§ Recorded data:
Start of Block

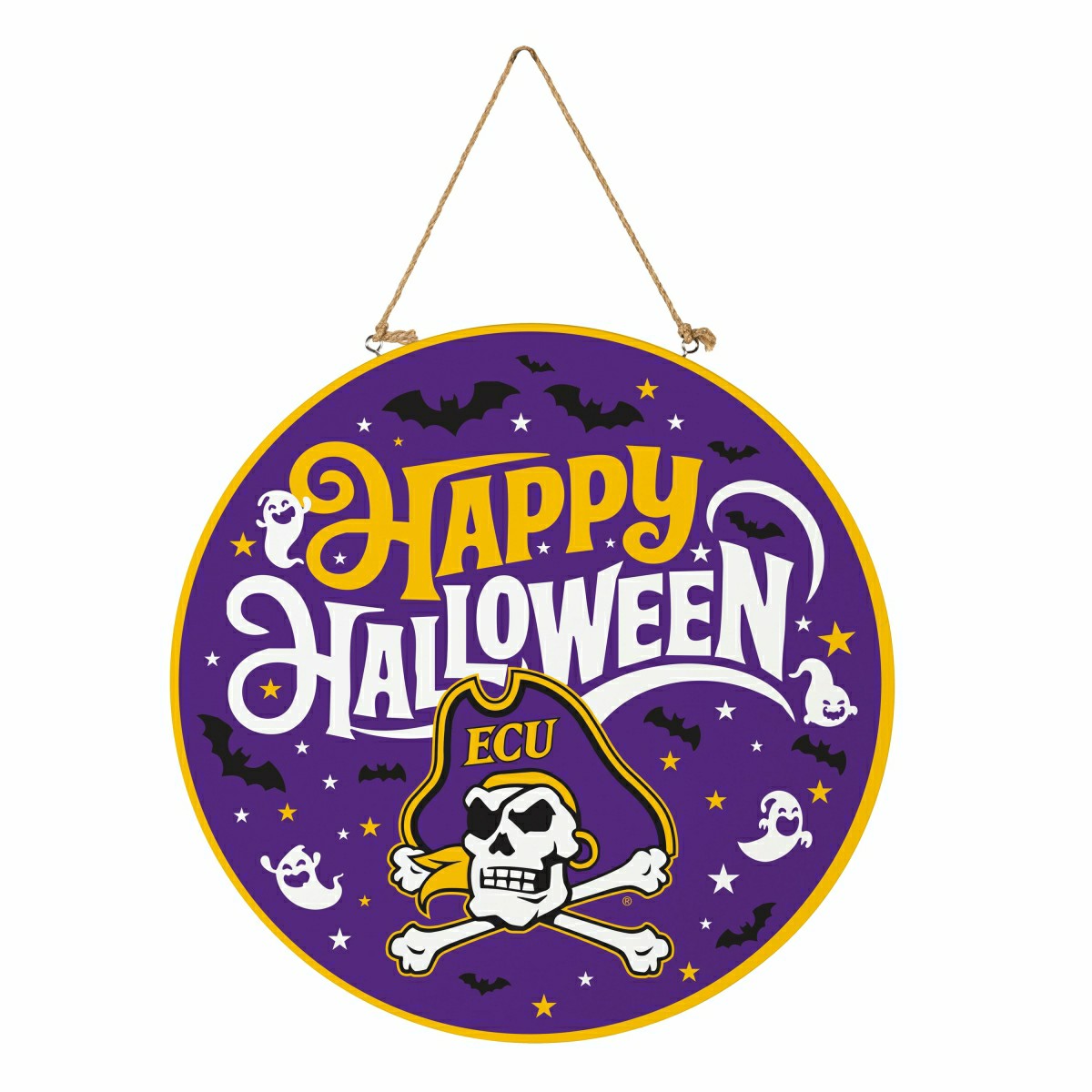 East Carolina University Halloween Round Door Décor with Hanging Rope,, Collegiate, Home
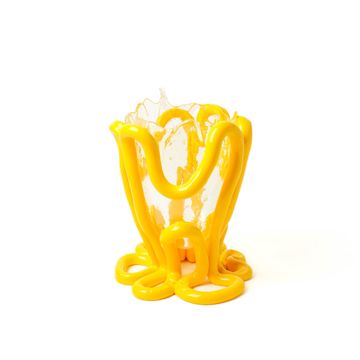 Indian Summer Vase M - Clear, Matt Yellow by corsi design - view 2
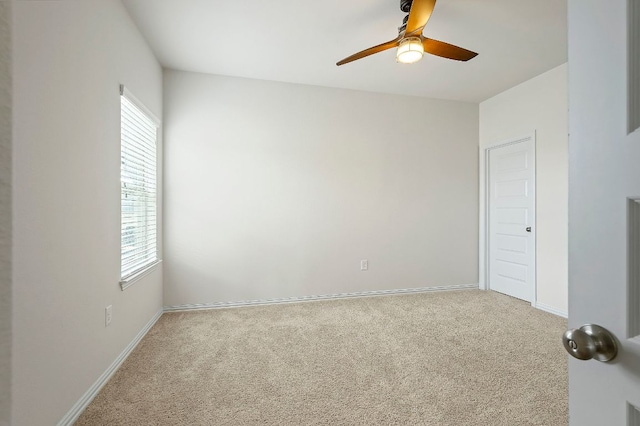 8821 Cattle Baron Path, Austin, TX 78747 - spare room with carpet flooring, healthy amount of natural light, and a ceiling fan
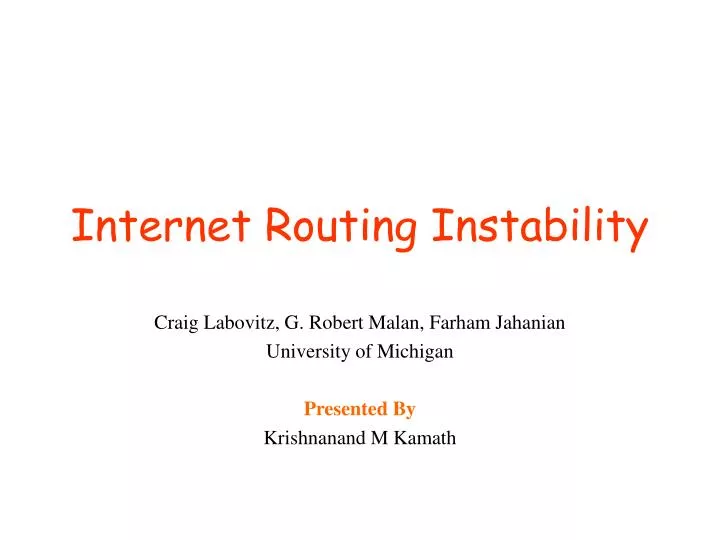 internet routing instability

End of Block

§ Exercise: Could you write out exactly the lines running from the one with "8821 Cattle Baron" through the last line of the data above, both ends kept, and omit any picture?

§ Exercise solution:
 8821 Cattle Baron Path, Austin, TX 78747 - spare room with carpet flooring, healthy amount of natural light, and a ceiling fan
 internet routing instability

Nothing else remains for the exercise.